TASK REQUIREMENTS. Look through the data below and, wherever a line carries the word "Watch", please copy that line.

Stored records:

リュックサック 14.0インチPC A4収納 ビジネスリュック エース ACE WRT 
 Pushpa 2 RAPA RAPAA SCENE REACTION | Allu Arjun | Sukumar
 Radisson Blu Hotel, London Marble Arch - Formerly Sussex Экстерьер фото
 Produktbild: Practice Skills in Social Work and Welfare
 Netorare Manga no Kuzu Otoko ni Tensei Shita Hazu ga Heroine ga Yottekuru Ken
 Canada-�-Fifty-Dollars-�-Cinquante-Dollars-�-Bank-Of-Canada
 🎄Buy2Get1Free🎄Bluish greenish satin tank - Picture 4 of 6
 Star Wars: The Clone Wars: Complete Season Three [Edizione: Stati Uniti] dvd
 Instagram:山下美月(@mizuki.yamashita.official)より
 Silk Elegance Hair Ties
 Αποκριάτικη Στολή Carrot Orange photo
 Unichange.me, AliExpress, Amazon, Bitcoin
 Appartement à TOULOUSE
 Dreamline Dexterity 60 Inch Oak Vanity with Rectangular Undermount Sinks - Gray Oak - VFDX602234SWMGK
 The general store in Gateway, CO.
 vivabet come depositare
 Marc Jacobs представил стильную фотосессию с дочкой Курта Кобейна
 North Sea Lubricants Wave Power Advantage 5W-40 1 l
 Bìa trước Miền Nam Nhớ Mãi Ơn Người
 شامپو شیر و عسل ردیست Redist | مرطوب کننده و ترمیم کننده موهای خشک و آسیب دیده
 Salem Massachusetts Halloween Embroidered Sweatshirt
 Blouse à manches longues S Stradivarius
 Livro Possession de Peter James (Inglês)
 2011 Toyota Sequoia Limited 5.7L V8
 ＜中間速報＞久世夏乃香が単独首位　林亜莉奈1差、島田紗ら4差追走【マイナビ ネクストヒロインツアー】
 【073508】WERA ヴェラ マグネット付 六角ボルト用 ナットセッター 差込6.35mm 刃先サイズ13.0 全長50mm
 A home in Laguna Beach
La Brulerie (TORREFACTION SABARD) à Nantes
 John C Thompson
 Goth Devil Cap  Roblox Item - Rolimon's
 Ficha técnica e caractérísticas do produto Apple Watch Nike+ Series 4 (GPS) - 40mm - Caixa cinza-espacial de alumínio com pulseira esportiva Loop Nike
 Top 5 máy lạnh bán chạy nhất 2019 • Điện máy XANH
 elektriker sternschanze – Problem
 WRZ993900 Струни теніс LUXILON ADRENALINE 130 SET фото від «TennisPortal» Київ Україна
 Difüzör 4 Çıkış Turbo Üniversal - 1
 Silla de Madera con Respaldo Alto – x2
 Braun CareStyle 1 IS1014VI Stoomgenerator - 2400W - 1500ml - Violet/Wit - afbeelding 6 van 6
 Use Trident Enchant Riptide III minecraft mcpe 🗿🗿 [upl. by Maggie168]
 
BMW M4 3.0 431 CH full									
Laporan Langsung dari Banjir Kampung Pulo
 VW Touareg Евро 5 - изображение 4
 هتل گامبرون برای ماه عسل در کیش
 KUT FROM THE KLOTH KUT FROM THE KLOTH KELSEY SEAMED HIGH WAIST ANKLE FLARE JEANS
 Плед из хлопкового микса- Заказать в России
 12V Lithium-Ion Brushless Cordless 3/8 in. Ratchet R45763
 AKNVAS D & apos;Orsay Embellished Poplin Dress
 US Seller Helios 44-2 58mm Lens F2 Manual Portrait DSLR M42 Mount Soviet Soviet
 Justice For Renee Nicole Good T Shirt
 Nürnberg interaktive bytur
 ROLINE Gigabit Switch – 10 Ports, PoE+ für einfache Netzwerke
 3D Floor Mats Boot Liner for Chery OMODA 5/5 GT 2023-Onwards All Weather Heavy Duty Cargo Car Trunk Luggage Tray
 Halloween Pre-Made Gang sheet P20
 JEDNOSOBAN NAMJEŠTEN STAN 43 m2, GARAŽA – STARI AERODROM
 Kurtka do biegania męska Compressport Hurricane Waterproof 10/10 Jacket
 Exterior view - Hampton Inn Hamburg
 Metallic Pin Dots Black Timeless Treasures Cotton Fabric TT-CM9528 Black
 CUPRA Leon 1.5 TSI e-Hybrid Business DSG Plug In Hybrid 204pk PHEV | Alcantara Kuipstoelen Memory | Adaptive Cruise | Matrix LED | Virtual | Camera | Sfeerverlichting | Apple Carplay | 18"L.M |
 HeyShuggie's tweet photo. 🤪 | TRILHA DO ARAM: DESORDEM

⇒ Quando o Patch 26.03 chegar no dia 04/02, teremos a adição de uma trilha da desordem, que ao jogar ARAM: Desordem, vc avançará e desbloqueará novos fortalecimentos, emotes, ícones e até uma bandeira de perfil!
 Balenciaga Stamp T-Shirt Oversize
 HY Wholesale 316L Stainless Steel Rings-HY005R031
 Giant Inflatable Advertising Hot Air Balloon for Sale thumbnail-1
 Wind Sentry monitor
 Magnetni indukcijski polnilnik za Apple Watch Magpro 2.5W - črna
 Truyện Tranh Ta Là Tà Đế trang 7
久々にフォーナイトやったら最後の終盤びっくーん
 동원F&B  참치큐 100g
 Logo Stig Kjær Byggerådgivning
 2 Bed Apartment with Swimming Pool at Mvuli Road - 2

TASK OUTPUT.
 Ficha técnica e caractérísticas do produto Apple Watch Nike+ Series 4 (GPS) - 40mm - Caixa cinza-espacial de alumínio com pulseira esportiva Loop Nike
 Magnetni indukcijski polnilnik za Apple Watch Magpro 2.5W - črna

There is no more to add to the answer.